Imagine an image of any type, be it picture or text. Now, imagine that a semi-transparent copy of that image has been pasted on top of the original, but offset in a random direction and distance. I need a program which can remove the 'ghost' leaving a clean image.

Does anyone have any ideas?


----------



## KmH (Jun 19, 2009)

Depends on what caused the 'ghost'. Are you refering to fringing? A flash picture at long shutter time and front curtain sync selected?

Showing an example would sure make it easier.


----------



## Garbz (Jun 19, 2009)

Moved in a specific direction? Or are you referring to a halo effect around contrasty bits which is the result of aggressive digital sharpening.


----------



## JoanneMullen (Jun 19, 2009)

Thanks for your interest.  It's a reflected image from glass, rather than motion or a halo effect.  I'll try to post a picture to show you.


----------



## BeauEvil (Aug 21, 2011)

Come on folks!  Pay attention. I'm here for exactly the same problem as the OP. ANY photo that was taken THROUGH glass, particularly automobile 2-layer safety glass, OR bounced off of ANY common mirror (back-surface mirror) will have a secondary "ghost" image, slightly offset from the primary image. We are both searching for some smart software to simply subtract the unwanted, ghost image from the combination of the two.  In my case, it's the only photo I have of my young, newlywed parents and it is almost ruined by the ghost image.  There isn't even a scale issue, just an offset image. This SHOULD be an easy fix. But, I'm not having any luck finding something that works when starting with a combined image instead of trying to create one.


----------



## 480sparky (Aug 21, 2011)

OMG!  SOMEONE WANTS EVERYTHING NOW NOW NOW!  HOW CAN PEOPLE BELIEVE THAT EVERYTHING SHOULD EXIST JUST FOR THEM!  THAT'S THE REASON THE INTERNET WAS DEVELOPED, SO EVERYONE CAN GET EVERYTHING NOW NOW NOW.  AND EVERYTHING SHOULD BE FREE AND WORK PERFECTLY AND DO EXACTLY WHAT THEY WANT.  PAY ATTENTION PEOPLE!


----------



## joealcantar (Aug 21, 2011)

Without seeing the problem it is kind of hard to come up with a solution.  Post an image if you have one the solution may not involve software that does it on it's own but may involve steps in Photoshop, Lightroom or NX2 to name a few. 
-
Shoot well, Joe


----------



## bigtwinky (Aug 21, 2011)

BeauEvil said:


> Come on folks!  Pay attention. I'm here for exactly the same problem as the OP. ANY photo that was taken THROUGH glass, particularly automobile 2-layer safety glass, OR bounced off of ANY common mirror (back-surface mirror) will have a secondary "ghost" image, slightly offset from the primary image. We are both searching for some smart software to simply subtract the unwanted, ghost image from the combination of the two.  In my case, it's the only photo I have of my young, newlywed parents and it is almost ruined by the ghost image.  There isn't even a scale issue, just an offset image. This SHOULD be an easy fix. But, I'm not having any luck finding something that works when starting with a combined image instead of trying to create one.

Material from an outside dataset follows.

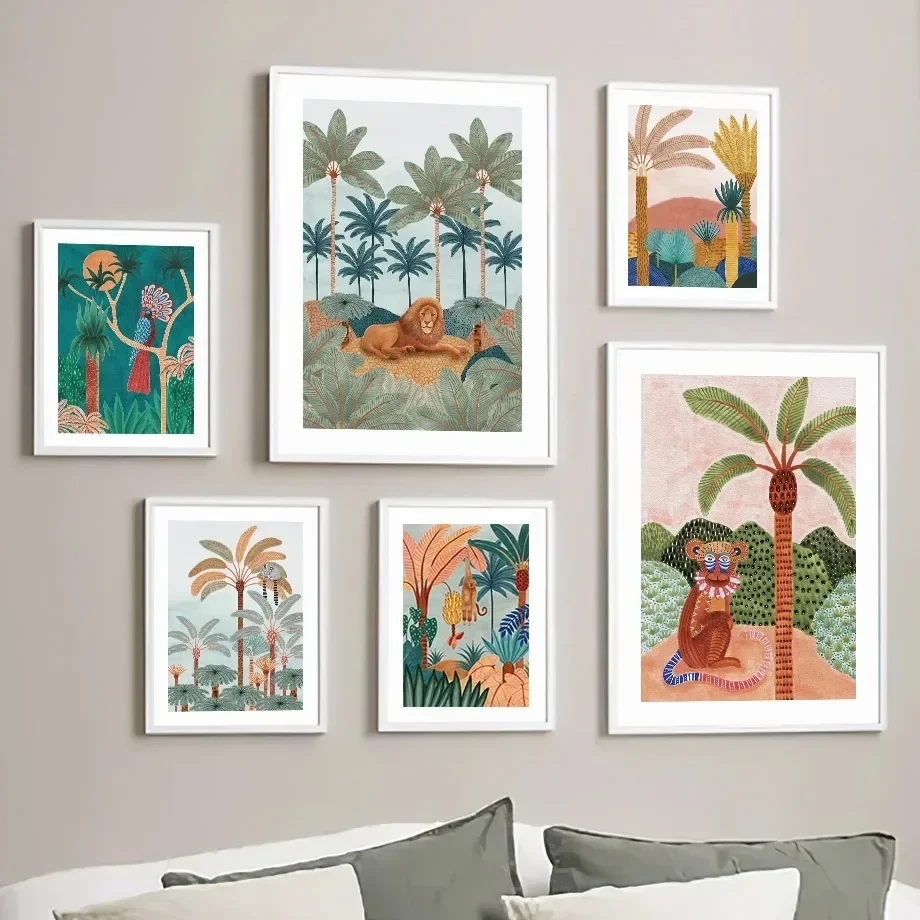 Boho Jungle Animals Tiger Monk - Animals Baby Nursery review and price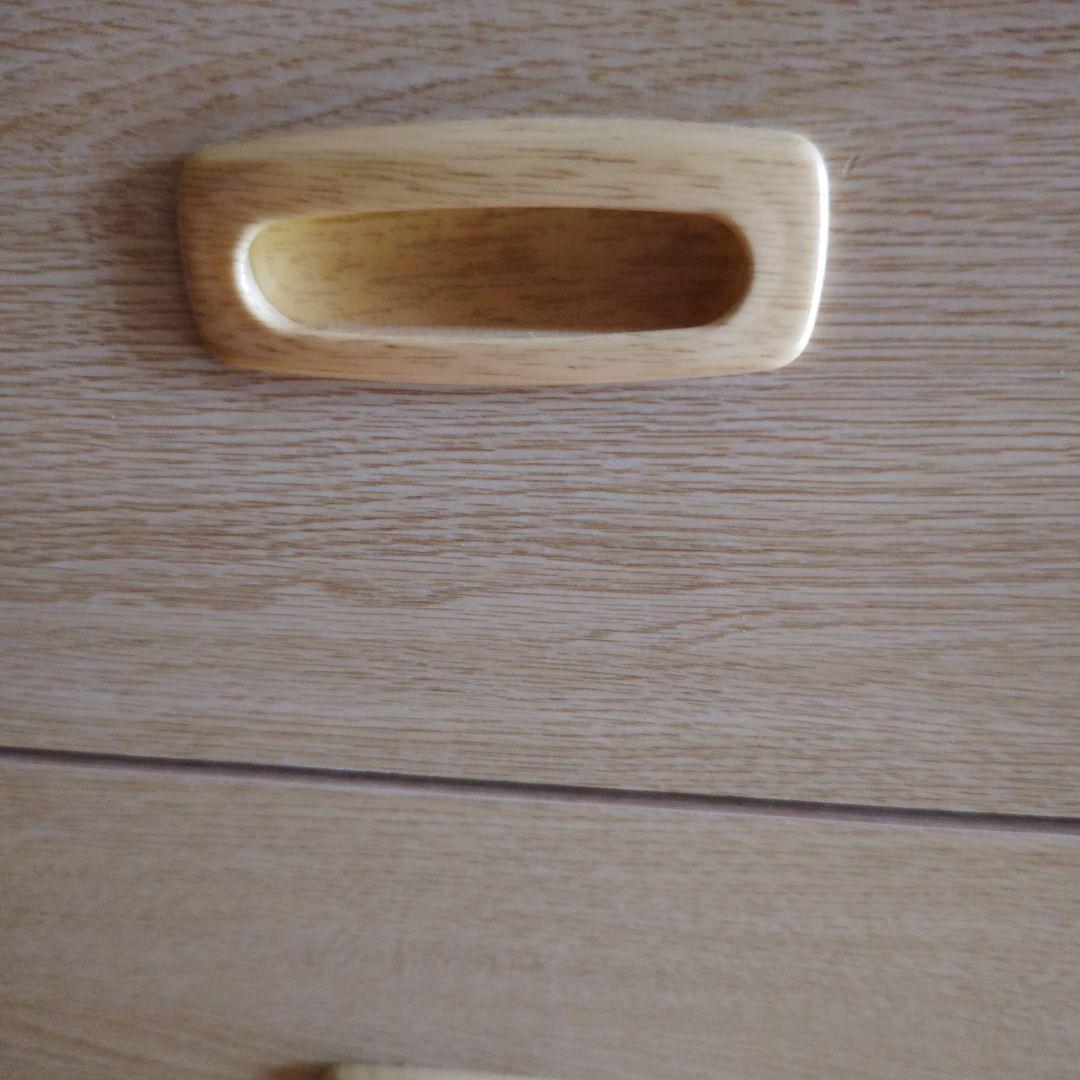 チェスト 木製ナチュラル 引出し収納 4 段チェスト 美品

Take a pill, then choke on it.
Thanks


----------



## Overread (Aug 21, 2011)

Thread locked for insulting behaviour and resurrection of an old thread with no true valid reason.

It would also be appreciated if existing members of the site would learn to use the report function rather than use threads like this to post snide remarks and the like since they do little save to represent the individual and the site as a whole poorly.


----------